- _Given records_:

◇ ◇ ◇ ◇

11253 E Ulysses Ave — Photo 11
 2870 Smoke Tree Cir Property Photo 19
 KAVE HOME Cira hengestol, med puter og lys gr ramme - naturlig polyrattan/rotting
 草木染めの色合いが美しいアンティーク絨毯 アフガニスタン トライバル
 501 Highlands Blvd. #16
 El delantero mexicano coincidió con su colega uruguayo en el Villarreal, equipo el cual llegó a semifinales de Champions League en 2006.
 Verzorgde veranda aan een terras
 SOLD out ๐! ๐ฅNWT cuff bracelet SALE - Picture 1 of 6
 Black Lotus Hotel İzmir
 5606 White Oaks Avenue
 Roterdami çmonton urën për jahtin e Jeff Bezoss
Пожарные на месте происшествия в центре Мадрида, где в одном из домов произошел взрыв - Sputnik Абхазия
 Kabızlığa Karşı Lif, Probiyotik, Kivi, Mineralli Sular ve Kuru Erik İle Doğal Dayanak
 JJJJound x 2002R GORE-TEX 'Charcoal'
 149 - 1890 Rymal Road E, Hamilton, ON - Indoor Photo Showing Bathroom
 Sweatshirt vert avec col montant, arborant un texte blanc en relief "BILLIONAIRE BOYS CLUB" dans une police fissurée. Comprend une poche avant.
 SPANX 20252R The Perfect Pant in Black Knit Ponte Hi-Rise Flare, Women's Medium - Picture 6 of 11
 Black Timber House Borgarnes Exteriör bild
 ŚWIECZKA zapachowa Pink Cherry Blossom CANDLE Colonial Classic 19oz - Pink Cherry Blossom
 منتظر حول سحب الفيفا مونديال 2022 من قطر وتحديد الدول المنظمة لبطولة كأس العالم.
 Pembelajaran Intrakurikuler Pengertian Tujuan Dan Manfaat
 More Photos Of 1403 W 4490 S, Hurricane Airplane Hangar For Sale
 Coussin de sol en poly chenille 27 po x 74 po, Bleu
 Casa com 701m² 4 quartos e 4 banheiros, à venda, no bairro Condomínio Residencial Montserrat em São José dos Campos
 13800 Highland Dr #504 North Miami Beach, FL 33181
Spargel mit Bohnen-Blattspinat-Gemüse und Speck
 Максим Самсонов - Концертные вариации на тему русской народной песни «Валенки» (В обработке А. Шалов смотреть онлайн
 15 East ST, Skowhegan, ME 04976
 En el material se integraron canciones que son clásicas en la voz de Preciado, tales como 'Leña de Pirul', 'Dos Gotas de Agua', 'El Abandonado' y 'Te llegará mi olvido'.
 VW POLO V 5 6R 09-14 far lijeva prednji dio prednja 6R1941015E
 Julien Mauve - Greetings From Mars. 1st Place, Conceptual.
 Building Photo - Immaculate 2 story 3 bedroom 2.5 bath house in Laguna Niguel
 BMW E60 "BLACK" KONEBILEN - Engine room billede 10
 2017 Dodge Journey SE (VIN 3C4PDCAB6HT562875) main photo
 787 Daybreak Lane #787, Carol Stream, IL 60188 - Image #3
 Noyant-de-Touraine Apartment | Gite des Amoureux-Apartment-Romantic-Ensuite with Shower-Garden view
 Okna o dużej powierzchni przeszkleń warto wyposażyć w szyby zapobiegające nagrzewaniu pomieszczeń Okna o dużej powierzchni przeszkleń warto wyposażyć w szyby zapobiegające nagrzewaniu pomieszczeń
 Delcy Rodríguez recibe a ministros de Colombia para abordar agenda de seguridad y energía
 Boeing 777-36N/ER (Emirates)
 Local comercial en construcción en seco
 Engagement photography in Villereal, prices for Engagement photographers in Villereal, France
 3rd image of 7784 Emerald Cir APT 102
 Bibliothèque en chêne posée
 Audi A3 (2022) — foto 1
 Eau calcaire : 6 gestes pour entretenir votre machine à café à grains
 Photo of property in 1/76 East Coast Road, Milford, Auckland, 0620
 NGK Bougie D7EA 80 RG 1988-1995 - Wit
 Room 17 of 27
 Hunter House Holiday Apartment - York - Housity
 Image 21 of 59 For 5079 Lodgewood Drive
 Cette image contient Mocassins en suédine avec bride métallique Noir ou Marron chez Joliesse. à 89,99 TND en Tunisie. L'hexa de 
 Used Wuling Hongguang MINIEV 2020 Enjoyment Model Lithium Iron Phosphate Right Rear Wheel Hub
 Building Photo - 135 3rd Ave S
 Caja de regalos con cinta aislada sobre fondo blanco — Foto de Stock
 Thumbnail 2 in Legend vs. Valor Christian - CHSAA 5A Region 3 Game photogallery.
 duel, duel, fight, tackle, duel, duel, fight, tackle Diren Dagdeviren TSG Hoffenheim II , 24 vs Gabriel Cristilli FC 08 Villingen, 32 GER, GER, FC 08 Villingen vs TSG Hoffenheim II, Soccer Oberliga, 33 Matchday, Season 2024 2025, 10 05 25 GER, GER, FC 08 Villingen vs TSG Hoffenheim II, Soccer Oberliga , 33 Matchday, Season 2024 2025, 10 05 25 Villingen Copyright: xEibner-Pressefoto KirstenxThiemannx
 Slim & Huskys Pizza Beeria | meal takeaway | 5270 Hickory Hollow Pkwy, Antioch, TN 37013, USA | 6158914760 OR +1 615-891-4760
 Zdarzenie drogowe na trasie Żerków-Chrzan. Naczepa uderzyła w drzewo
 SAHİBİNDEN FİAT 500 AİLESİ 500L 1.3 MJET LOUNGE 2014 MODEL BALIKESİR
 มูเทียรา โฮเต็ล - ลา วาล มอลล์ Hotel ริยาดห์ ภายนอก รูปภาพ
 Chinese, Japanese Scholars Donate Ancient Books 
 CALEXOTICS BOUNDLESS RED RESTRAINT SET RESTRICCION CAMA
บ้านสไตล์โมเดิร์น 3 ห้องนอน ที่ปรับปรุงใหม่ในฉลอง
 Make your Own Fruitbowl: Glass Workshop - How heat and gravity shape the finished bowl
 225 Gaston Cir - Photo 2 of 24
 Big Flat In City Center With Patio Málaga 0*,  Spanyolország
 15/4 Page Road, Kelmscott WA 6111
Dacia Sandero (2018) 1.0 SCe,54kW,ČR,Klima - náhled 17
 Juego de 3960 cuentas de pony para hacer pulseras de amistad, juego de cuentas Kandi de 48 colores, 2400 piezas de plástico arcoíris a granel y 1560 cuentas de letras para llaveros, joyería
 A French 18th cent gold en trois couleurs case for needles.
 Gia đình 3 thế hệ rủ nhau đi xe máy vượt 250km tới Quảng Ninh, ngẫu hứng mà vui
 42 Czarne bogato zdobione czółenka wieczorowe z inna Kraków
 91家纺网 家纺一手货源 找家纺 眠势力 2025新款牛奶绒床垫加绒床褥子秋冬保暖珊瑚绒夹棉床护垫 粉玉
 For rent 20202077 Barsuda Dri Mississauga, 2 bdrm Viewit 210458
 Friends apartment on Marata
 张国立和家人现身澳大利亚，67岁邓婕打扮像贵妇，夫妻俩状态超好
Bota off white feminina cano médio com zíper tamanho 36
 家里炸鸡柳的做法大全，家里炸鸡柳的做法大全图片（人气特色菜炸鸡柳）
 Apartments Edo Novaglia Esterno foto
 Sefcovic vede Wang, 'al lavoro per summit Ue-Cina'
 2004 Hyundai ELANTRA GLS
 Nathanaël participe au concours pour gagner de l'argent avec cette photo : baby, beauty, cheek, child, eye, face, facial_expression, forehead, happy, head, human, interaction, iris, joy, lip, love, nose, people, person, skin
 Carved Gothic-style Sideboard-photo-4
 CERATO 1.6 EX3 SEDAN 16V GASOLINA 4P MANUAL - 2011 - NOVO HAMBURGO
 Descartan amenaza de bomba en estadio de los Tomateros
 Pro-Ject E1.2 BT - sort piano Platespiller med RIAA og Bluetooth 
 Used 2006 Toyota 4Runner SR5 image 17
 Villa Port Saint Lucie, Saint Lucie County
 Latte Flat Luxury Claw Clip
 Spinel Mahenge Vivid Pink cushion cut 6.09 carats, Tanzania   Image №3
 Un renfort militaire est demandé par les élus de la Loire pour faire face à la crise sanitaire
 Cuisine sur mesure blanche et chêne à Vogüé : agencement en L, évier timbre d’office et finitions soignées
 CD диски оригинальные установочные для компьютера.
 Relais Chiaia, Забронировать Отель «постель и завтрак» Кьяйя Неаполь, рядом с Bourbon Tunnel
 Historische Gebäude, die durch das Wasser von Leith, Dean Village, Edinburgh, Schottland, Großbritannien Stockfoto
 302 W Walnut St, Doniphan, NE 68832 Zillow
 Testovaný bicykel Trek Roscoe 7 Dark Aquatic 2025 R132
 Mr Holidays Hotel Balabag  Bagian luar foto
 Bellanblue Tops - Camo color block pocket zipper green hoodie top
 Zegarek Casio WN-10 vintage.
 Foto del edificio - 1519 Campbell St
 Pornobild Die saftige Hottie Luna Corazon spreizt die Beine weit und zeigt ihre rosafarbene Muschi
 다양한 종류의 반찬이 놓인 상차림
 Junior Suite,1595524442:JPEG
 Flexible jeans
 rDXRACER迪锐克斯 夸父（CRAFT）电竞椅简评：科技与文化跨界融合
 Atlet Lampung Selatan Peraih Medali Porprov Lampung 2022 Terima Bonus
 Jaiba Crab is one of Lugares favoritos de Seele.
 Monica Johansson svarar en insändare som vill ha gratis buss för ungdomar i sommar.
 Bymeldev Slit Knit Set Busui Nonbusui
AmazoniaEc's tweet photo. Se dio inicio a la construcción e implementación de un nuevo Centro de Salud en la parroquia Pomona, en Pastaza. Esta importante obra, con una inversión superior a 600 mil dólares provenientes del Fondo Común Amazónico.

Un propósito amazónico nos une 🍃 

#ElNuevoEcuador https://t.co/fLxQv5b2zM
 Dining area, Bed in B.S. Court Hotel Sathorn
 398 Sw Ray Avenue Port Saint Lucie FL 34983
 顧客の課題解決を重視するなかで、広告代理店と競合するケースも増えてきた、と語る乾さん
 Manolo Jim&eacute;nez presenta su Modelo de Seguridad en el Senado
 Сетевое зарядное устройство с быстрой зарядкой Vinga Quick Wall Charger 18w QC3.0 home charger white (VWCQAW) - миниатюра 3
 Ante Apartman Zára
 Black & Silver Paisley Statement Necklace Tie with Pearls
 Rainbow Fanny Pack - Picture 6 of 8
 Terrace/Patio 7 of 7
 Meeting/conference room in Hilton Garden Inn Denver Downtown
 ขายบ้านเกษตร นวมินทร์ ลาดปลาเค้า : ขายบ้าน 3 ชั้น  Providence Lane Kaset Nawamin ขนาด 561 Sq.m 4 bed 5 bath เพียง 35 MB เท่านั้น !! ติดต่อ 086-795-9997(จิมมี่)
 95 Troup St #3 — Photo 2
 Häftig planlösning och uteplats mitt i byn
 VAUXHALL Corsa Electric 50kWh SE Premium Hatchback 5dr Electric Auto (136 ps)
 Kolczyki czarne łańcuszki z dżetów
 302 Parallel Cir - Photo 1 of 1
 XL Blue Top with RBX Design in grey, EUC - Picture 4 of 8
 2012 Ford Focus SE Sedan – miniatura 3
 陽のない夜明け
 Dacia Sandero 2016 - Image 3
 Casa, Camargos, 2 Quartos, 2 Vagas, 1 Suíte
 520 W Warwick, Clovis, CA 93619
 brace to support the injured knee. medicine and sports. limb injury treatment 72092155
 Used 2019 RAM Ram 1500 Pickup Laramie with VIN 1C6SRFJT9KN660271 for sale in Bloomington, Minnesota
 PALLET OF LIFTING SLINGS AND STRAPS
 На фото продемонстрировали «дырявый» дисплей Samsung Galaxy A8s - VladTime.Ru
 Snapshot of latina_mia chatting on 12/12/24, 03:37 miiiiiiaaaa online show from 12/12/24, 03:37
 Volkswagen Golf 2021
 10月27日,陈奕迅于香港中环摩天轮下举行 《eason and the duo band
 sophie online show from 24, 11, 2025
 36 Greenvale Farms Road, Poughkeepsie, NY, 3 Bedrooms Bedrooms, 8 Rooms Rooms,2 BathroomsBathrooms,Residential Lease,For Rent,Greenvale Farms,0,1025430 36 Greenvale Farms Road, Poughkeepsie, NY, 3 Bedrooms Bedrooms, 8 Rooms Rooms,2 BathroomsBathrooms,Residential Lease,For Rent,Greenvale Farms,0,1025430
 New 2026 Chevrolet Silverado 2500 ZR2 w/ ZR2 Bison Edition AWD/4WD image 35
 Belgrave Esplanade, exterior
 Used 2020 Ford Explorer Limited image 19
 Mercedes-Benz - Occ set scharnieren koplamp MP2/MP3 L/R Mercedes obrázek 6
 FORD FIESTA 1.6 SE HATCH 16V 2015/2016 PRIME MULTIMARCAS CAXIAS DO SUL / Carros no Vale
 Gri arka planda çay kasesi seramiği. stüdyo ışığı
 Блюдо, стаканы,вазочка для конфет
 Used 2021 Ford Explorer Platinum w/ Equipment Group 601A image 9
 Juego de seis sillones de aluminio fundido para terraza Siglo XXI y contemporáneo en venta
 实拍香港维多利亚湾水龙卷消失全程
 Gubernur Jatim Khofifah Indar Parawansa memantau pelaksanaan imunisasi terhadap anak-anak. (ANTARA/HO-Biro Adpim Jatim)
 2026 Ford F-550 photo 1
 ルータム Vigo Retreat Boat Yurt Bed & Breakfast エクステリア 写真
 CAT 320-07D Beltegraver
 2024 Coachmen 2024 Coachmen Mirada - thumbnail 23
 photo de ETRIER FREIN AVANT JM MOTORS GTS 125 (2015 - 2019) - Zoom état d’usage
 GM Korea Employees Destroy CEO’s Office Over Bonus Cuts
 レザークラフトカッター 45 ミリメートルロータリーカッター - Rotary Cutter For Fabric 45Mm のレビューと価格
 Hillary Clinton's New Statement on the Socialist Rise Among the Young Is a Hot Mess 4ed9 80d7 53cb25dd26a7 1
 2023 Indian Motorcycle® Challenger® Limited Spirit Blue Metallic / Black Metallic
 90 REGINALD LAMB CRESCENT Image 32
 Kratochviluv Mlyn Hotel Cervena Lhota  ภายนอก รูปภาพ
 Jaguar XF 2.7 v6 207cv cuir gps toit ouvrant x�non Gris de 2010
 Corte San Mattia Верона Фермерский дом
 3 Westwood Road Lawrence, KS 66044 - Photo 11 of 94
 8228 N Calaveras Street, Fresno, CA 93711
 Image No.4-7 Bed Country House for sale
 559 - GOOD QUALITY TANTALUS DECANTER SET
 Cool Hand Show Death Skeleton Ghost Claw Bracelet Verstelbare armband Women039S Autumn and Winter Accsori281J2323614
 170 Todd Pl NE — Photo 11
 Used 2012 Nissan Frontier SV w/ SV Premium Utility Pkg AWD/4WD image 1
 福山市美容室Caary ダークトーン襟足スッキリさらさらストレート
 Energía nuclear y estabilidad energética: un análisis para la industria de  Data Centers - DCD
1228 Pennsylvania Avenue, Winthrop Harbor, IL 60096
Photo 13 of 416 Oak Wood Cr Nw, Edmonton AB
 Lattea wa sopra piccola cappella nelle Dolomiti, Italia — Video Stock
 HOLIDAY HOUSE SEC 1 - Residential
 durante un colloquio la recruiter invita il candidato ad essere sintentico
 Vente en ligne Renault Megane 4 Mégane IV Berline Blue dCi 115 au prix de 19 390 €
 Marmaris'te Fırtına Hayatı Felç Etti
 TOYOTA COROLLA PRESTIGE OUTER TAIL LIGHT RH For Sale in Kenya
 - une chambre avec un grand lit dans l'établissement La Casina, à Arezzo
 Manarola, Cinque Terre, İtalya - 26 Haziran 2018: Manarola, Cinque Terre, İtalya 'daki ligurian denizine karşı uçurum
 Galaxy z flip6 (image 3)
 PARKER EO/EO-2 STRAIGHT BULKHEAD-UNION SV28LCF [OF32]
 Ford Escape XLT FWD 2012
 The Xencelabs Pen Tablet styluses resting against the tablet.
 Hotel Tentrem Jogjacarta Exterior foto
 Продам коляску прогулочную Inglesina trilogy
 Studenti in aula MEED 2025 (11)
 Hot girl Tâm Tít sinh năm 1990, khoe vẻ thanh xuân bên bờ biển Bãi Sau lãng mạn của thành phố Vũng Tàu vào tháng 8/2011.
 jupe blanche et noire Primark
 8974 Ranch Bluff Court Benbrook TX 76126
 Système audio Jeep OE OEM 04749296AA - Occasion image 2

◇ ◇ ◇ ◇

- _Requirement_:
For this task, write out exactly the lines of the entries above, starting at the line with "Slim & Huskys" and ending at the line with "SAHİBİNDEN FİAT 500", both included, and no others.

- _Output of the task_:
 Slim & Huskys Pizza Beeria | meal takeaway | 5270 Hickory Hollow Pkwy, Antioch, TN 37013, USA | 6158914760 OR +1 615-891-4760
 Zdarzenie drogowe na trasie Żerków-Chrzan. Naczepa uderzyła w drzewo
 SAHİBİNDEN FİAT 500 AİLESİ 500L 1.3 MJET LOUNGE 2014 MODEL BALIKESİR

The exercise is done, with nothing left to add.